Meja hanya memisahkan jarak dua kursi, tapi tidak dua hati. Tautan yang mulai mencipta kelopak bunga memekar di musim penghujan.

"Kamu tahu apa arti cinta kata Asma Nadia?" ujar perempuan itu lagi. "Cinta bukanlah mencari pasangan yang sempurna, tetapi menerima pasangan dengan sempurna."

Disesapnya sebentar air teh yang mulai dingin. "Kalaulah soulmate itu adalah gambaran seseorang yang sempurna sebagai pasangan hidup, maka kita harus berpikir ulang tentangnya. Karena untuk mencari yang sempurna, kita harus mencarinya ke atas awan, sebab di bawah sini nobody perfect."

"Kalimat terakhir itu dari Asma Nadia juga?" Shem menoleh, melempar senyum kepada perempuan yang juga sedang menatapnya.

"Bukan, kalau itu aku yang bilang. Sebagai istri aku masih jauh dari sempurna, Shem."

"Kalau kesempurnaan itu hanya ada di atas sana, mungkin sebaiknya kita memang bukan mencari orang yang sempurna, tapi mencari orang yang menyenangkan. Karena orang yang menyenangkan bisa mengajak kita tertawa dan membuat kita merasa hidup, bukan hanya sekadar mendampingi kita menjalani hidup."

Menjadi orang yang menyenangkan? Rania berpikir sejenak. Saat ini Shem bukan hanya menyenangkan untuk dilihat, tapi juga untuk diajak bicara. Bahkan saat suaminya itu sering menggoda dan membuatnya kesal, masih saja ia menikmatinya.

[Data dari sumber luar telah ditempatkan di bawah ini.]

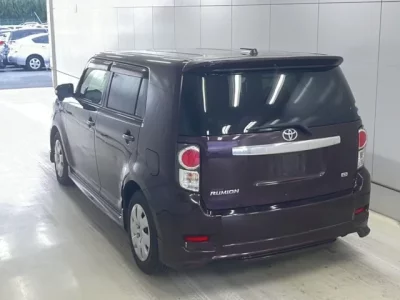 Toyota COROLLA RUMION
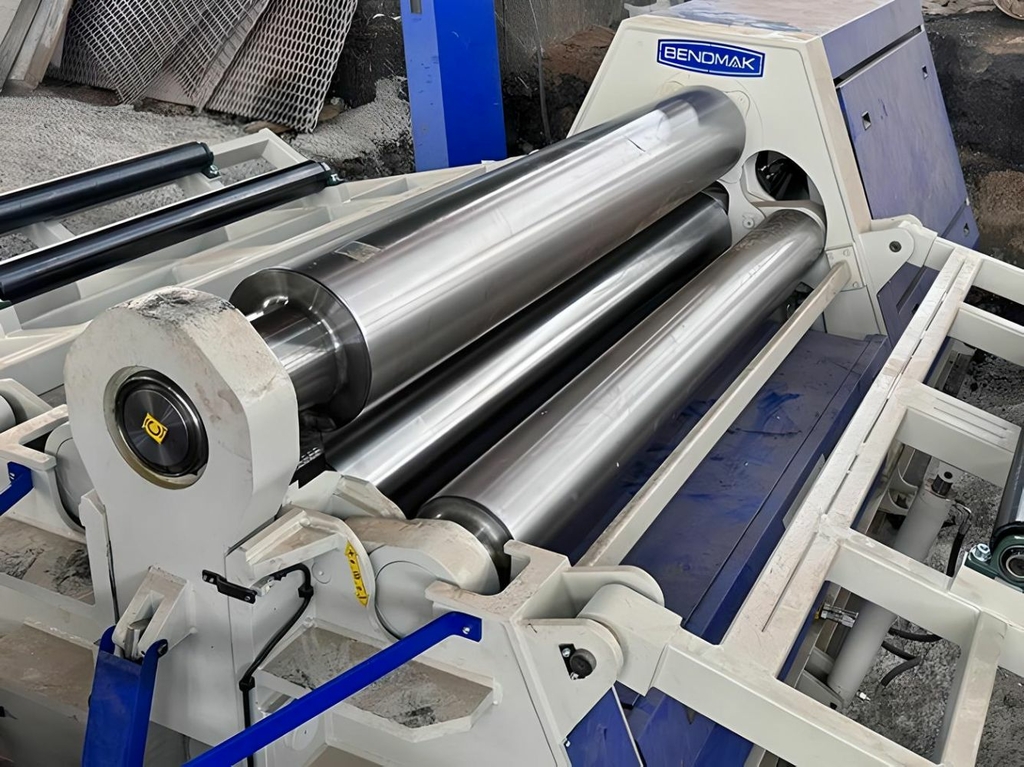 Четырёхвалковые гидравлические вальцы Bendmak CY4R-HHS 540-25/60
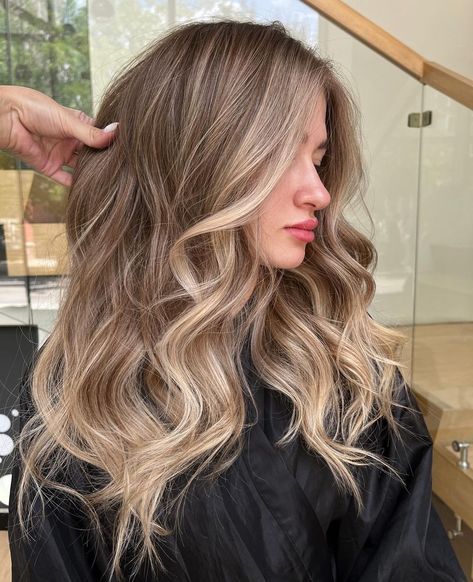 Obsessed with natural yet striking hair colors? The Top 15 Bronde Haircolor Ideas to Try This Season will have you booking your next salon appointment ASAP. These dreamy shades combine the best of blonde and brunette for a sun-kissed, effortless vibe. Perfect for every season and every occasion! #BrondeHairIdeas #HairGoals2024 #StylishHairColors Partial Ash Blonde Highlights, Lived In Natural Blonde, Bronde Balayage Blonde, Teddy Bronde, Teddy Blonde Hair, Teasy Lights Brunette, Sombre Blond, Tmavý Blond, Grown Out Blonde Hair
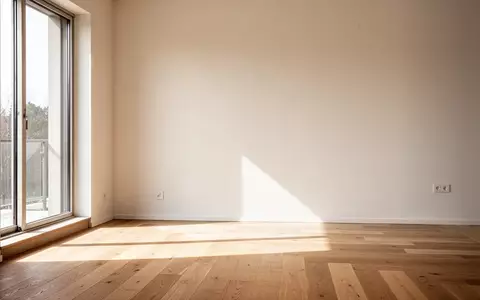 Ein heller, minimalistischer Wohnraum mit Sonnenlicht auf einem Holzboden als Symbol für gesundheitsfördernde Heimübungen. - Foto: über boerse-global.de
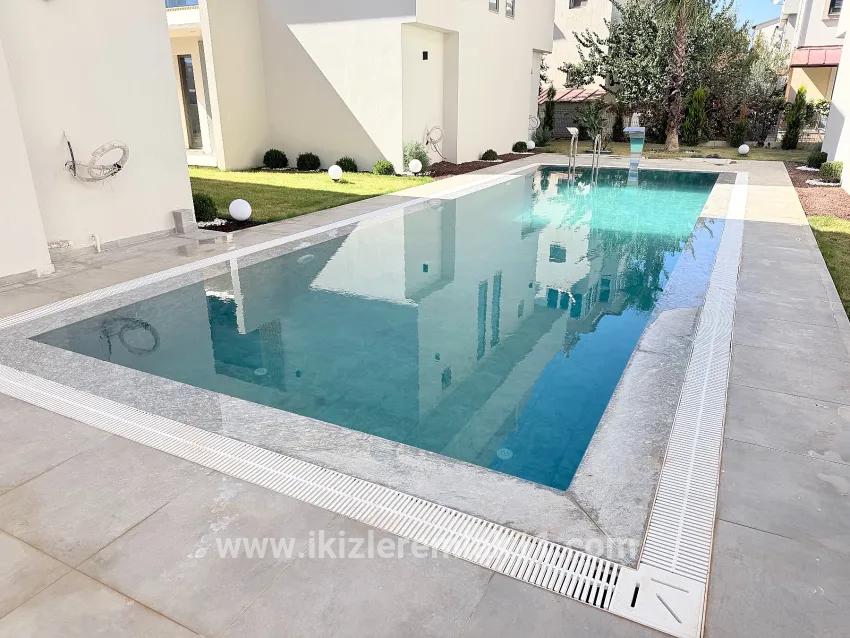 3+1-Zimmer Villa Zu verkaufen in Mersin Alanı Bz. Seferihisar Ürkmez - 200 m²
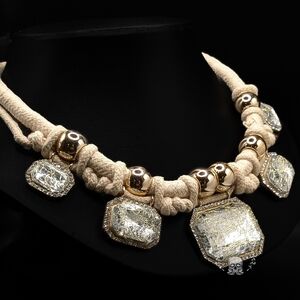 Elegant Gold and Cream Statement Necklace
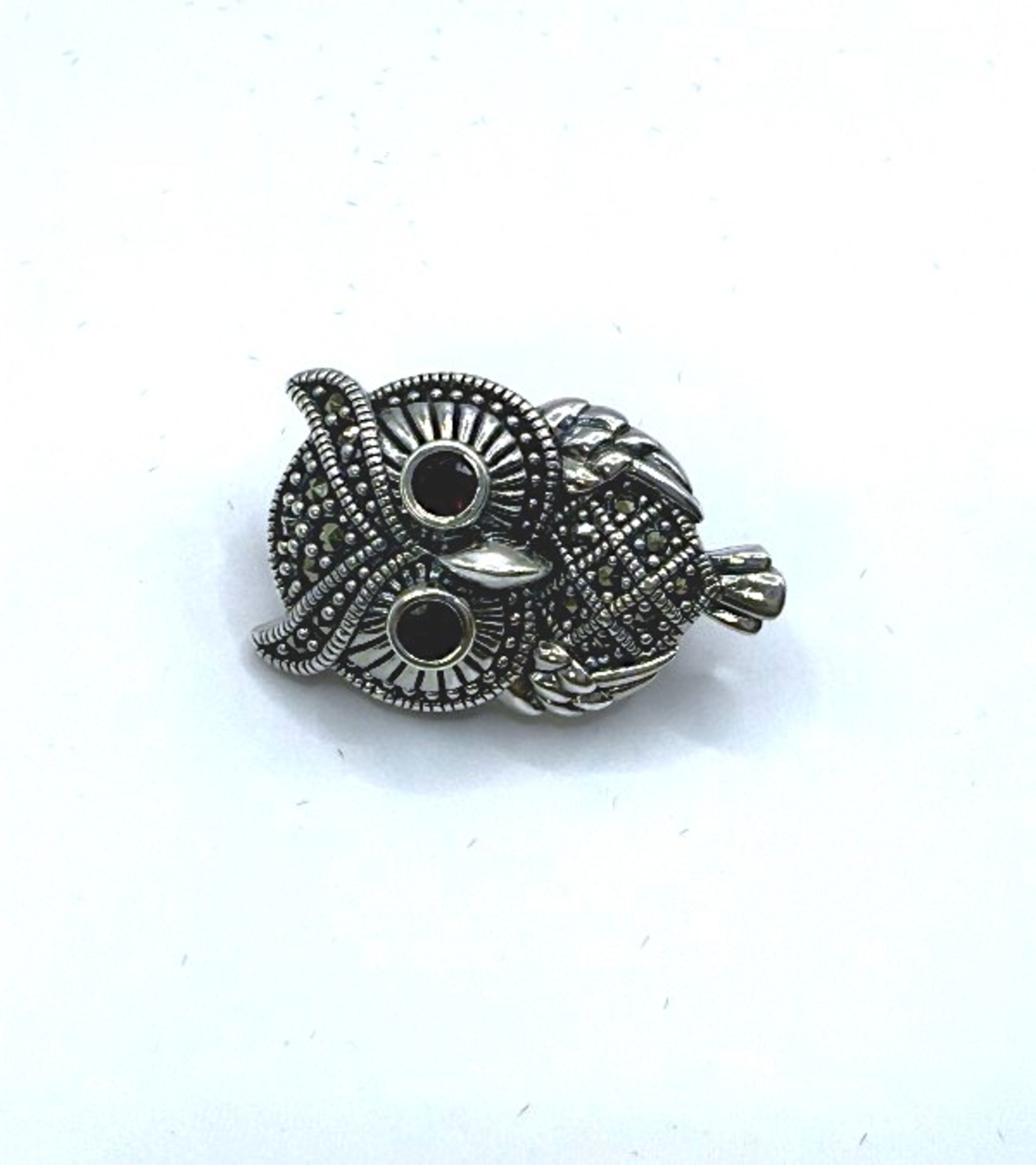 Брошка бухал с марказити и гранат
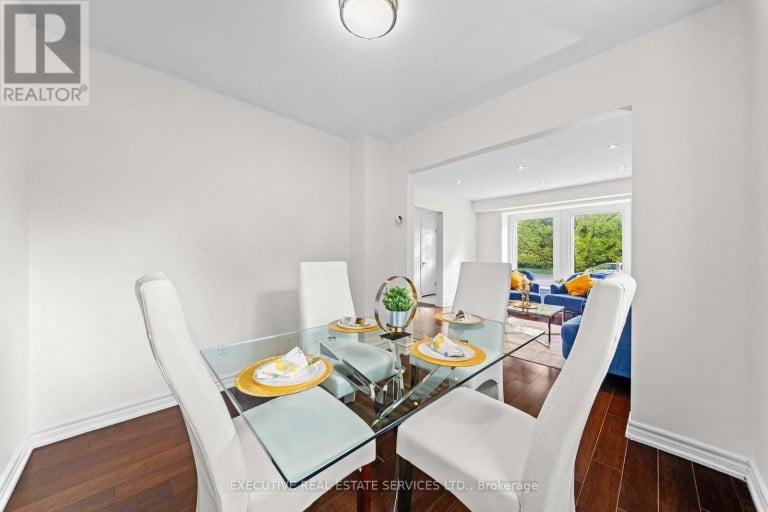 100 CENTRE STREET N, Brampton (Brampton North), Ontario, L6V2Z3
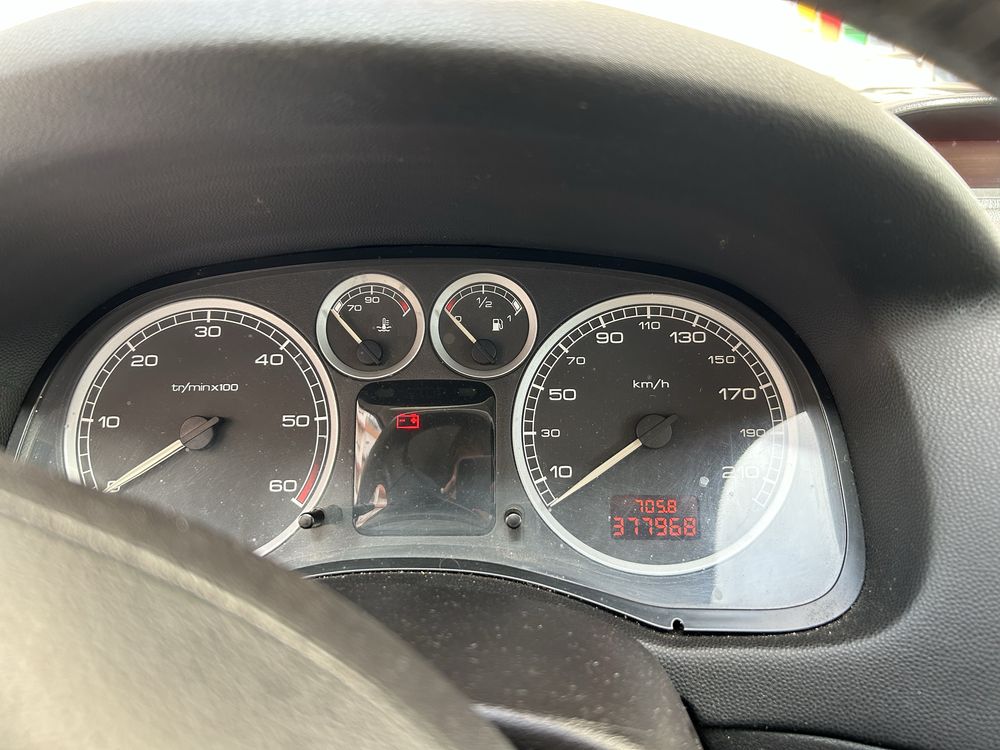 Carro Peugeot 307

"Tumben kita akur dan bisa bicara seserius ini? Apa karena kita sudah ...?"

"Shem!" teriak Rania memotong. Wajahnya memanas mengingat kejadian tadi pagi.

"Ya ampun ... istriku sedang mikirin apa sih? Maksudku karena kita sudah merasa nyaman satu sama lain."

Rania menggigit bibir dan menunduk malu. Pikirannya terlalu jauh. Shem bangkit dan meraih tangan istrinya untuk berdiri.

"Masuk, yuk! Sebentar lagi Magrib. Habis isya jangan tidur dulu. Aku ingin belajar lagi."

Pikiran Rania mulai keruh lagi. "Belajar apa?"

"Memang maunya apa? Belajar baca Alquran ... itu kan PR terbesarmu sama aku." Shem tersenyum geli. Dielusnya sekejap kepala Rania yang dibalut jilbab merah muda.

'Ah, Shem!' Bahkan sentuhan kecilnya saja bisa membuat debar jantungnya naik berkali lipat.
Sepertinya mengobrol berdua di balkon akan menjadi salah satu rutinitas favoritnya.

**STG**

"Serius mau belajar Alquran sama aku?" Mata Rania menyipit, sejenak meragukan tekad lelaki yang tengah memangku mushaf Alquran di hadapannya.

"Dua rius ...," sahut Shem sambil mengacungkan jari telunjuk dan tengahnya membentuk huruf V. "Bagiku cinta itu harus menumbuhkan bukan memandegkan. Itulah kenapa aku memilihmu. Aku ingin menumbuhkan potensi kebaikan."

"Baik kalau itu maumu. Simpan dulu status istri dan suami saat belajar sama aku. Ganti guru dengan murid. Biar serius."

"Baik, Bu Guru Cantik ...!"

Rania mendelik sambil menggelengkan kepala. Sejenak gadis itu mengambil sesuatu dari laci meja riasnya.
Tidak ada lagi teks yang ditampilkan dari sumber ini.